Acknowledging Economic Strength Doesn't Undermine Progressive Goals
The fight for a more just society goes on.
Having written about this issue fitfully over the past couple years, and tweeted about it a fair amount in that time, and then published two pieces on it these past few days (welcome to the third!) I’ve developed a rough schema to help explain the mismatch between economic sentiment and economic fundamentals. Why do majorities of Americans say their local economies are solid, but the broader U.S. economy is a train wreck?
The phenomenon is driven, to a large degree, by Republican voters who are well trained to give every trend in American life a thumbs down during Democratic presidencies.

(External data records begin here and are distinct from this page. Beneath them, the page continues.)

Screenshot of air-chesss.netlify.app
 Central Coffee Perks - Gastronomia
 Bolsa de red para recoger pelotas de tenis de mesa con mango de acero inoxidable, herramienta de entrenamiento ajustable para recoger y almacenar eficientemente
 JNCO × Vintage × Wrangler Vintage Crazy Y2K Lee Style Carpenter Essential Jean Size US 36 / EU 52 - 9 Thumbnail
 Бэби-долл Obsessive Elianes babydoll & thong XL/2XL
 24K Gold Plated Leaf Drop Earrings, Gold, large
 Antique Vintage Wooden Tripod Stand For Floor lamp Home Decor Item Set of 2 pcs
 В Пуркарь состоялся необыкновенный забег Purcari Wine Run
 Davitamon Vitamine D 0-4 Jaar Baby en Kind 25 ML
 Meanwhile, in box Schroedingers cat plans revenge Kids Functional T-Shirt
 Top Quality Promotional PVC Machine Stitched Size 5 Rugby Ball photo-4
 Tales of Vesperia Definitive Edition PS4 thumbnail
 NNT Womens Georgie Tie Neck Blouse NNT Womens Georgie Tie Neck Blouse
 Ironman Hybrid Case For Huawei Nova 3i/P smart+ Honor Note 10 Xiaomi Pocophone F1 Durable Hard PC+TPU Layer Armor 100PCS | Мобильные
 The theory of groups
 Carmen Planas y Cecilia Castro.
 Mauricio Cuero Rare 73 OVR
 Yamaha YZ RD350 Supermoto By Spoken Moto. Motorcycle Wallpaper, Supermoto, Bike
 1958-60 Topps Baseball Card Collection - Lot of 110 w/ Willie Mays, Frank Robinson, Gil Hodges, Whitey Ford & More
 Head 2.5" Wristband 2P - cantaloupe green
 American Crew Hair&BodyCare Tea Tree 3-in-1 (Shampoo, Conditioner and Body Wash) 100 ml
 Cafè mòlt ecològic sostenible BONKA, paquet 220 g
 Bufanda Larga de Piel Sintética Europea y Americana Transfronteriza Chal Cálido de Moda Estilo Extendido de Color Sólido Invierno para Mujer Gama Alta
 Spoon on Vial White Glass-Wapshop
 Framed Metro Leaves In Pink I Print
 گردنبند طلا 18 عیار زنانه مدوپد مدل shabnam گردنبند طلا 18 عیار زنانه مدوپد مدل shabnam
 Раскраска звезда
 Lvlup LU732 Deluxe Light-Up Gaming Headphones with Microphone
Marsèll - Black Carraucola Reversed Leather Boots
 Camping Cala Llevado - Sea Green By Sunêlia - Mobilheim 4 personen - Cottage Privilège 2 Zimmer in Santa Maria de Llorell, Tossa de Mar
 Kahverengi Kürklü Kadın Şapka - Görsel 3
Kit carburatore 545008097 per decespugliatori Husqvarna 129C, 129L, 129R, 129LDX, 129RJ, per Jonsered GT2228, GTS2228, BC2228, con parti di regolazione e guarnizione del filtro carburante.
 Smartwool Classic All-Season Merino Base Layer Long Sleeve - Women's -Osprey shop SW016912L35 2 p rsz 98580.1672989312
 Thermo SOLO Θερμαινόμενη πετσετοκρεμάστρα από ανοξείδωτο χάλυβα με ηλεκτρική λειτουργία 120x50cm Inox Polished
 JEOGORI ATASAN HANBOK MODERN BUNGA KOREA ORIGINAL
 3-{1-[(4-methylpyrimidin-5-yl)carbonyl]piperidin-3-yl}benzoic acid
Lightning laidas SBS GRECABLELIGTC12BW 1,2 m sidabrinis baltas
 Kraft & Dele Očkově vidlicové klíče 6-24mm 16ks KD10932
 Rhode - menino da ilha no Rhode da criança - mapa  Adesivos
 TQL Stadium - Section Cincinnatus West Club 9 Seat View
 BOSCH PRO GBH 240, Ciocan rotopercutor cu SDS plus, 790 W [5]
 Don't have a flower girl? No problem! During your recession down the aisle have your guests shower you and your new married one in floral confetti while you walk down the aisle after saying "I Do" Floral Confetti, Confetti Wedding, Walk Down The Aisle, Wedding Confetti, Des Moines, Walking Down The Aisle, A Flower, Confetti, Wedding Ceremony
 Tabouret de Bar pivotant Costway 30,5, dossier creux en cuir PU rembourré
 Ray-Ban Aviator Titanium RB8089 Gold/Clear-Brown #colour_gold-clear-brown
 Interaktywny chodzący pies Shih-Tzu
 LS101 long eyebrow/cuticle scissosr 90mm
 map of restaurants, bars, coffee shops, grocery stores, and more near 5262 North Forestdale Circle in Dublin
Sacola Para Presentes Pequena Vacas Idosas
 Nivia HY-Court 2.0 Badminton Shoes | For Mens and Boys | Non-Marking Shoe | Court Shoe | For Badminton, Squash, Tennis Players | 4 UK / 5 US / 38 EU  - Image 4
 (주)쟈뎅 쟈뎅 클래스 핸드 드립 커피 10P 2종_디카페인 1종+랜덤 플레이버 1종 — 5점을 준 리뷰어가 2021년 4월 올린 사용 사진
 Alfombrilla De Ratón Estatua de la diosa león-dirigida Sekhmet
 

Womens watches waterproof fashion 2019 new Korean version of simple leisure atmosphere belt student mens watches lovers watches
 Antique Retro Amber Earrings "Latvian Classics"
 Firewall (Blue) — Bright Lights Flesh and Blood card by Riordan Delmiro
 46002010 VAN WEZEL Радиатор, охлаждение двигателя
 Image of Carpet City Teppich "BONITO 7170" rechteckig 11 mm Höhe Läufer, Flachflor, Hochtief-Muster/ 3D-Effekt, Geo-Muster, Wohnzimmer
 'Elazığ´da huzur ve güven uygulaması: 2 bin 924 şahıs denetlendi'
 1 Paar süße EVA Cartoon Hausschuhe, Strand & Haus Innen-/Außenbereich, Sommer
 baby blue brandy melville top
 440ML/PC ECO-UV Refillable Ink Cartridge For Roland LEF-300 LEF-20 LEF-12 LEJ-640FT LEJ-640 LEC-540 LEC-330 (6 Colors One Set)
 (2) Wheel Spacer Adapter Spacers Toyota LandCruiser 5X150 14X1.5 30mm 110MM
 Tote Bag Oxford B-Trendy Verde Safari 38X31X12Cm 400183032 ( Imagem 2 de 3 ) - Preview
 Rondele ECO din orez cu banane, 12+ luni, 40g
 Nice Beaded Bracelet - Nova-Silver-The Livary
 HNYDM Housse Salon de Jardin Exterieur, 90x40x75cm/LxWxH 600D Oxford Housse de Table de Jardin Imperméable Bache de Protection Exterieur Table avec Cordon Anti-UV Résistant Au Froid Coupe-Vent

Mainstream media outlets contribute through hesitancy to report on the Biden administration in any way that might expose them to bad-faith allegations of partisan bias. Only now are those outlets reporting on the decoupling of economic fundamentals and perceptions, which is a step forward, but still a very meta way to report on a boom economy.
Social media contributes, in the way it incentivizes and amplifies the sharing of gloom and doom.
A faction of the fractured democratic-socialist left—those who were stung by Bernie Sanders’s defeats and his subsequent cooperation with Joe Biden—are also cynically invested in fomenting economic despair, for much the same reason Republicans do: to beat the libs. The difference is that, if their efforts combined succeed at beating the libs, Republicans, not democratic socialists, will come to power.
Then, of course, there are millions of Americans who are struggling economically. There are fewer of them than normal now, but there is always a great deal of ruin in a nation.
These categories sometimes overlap or bleed into one another.
That’s a huge engine of consensus formation, facing very little resistance, in part because many mainline progressive leaders and media figures don’t want to challenge the resulting conventional wisdom. There’s a sliver of progressives who seem to grasp that the economy is better, by American standards, than it has been in living memory, but won’t acknowledge it for strategic and ideological and social reasons. And some of them might be cajoled off the fence on the grounds that 1) if Joe Biden loses after enacting big fiscal stimulus and improving the fortunes of working-class Americans, it’ll be a disaster for the whole progressive project; and 2) acknowledging the strength of the economy today in no way obliges anyone to abandon the longer-term pursuit of economic justice.
DREARY OF RELATIVITY
A level of mutual incomprehension arises from a failure to set terms.
What do I mean when I say the economy is “strong”? Relative to what? My contention is that today’s economy is better and fairer than recent U.S. economies, not that it’s preferable to (say) a Nordic social democracy or another theoretical alternative. Without a basis for comparison, though, the notion that the economy is “strong” conveys some normative sense that it’s fundamentally good or just. And if it’s Mission Accomplished, might that not undermine arguments for building our own social democracy? Might it not introduce a level of incoherence when we petition the government to redress lasting economic grievances?
I don’t believe either assumption follows.